My criteria for a new laptop were pretty simple:

  • 14 or 15 inch screen – big enough to get work done and for most modern web pages to fit on the screen without having to scroll too much.
  • Lightweight – one of the main reasons I have a laptop is so I can use it when I travel, and I don’t want to be lugging around a big heavy laptop.
  • Good battery life – as a portable computer, it wouldn’t make much sense if it didn’t last a while when unplugged – especially since I plan to use it while traveling (i.e., on a plane).
  • Good keyboard – I can be a bit picky about keyboards – but really all I want is one that is easy to type on and doesn’t mess with the standard placement of important keys like some laptop keyboards do.
  • Decent, relatively modern CPU – basically, something that won’t be obsolete in a few months, and can handle playing video with ease.
  • Not too expensive – my budget was basically “less than $500.”

After doing some research (and a bit of price-stalking), I settled on another Acer – specifically, an Acer Aspire Timeline X 4830T-6682 (geez Acer, what’s with the ridiculously long model names?).

Acer Aspire Timeline X 4830T notebook

This laptop hit all the right points for me – the 14 inch screen was just the right size, it’s not too heavy, has a very respectable Core i3 CPU, a good-sized 6-cell battery, and a nice keyboard that reminds me of the keyboards used on Apple’s Macbook Air computers.

To make things even better, I swapped out the SSD I bought for my old netbook and put it in this new laptop, which took this from being a relatively decent laptop to being an absolute speed demon.

I’m not even kidding here – from the GRUB boot loader (I still dual-boot Windows and Linux, of course) it boots up completely in just about 12 seconds.

Oh, and have I talked about the battery life yet? The battery life on this laptop is pretty good on its own – easily reaching 5 or 6 hours with light usage – but when you throw an SSD in (which uses less power than the traditional spinning-disks hard drive), along with Windows 8 (which is really good at conserving power), I easily find myself getting 8 hours of battery life with light to normal usage. Even my old netbook couldn’t approach that kind of life, not even with the extra-big 9-cell battery I bought for it!

Of course it also has all the other standard features you’d expect from a laptop these days, including a very handy USB 3.0 port, HDMI, a DVD/RW drive, a memory card slot, and even an option to let one of the USB ports remain “powered” even while the laptop is turned off, so you can charge something off of it (a handy feature, though one I’ll probably never use).

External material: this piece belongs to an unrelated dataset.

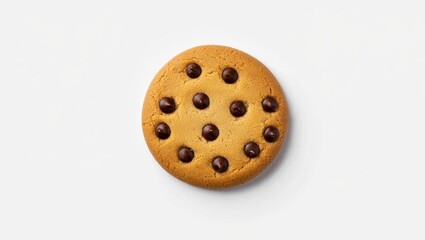 Fototapeta premium Single Round Chocolate Chip Cookie on White Background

As usual for me, I dual-boot both Ubuntu Linux and Windows (Windows 8 in this case, but I’ll talk about that in another post), and both operating systems are just great (although for some reason, Ubuntu still can’t use the built-in webcam microphone – a problem I think is particular to Acer computers).

Naturally, as with all my computers, I had to give this one a name as well – and since this one happened to come in a dark-blue color, which happened to match this particular wallpaper picture I had handy very well, I ended up going with the name “Luna.”

luna desktop (windows)
Luna (Windows 8)
Luna desktop (ubuntu linux)
Luna (Ubuntu)

All in all I’m quite happy with this new laptop – I’ve had the opportunity to take it with me when I traveled recently, and it was both great for entertainment use on the flight, as well as occasional work-related stuff while I wasn’t at home.

So if you are looking for a nice, inexpensive but well-balanced laptop, something along the lines of the Acer Aspire Timeline X series of laptops (combined with a SSD, if you can swing it) is not a bad way to go!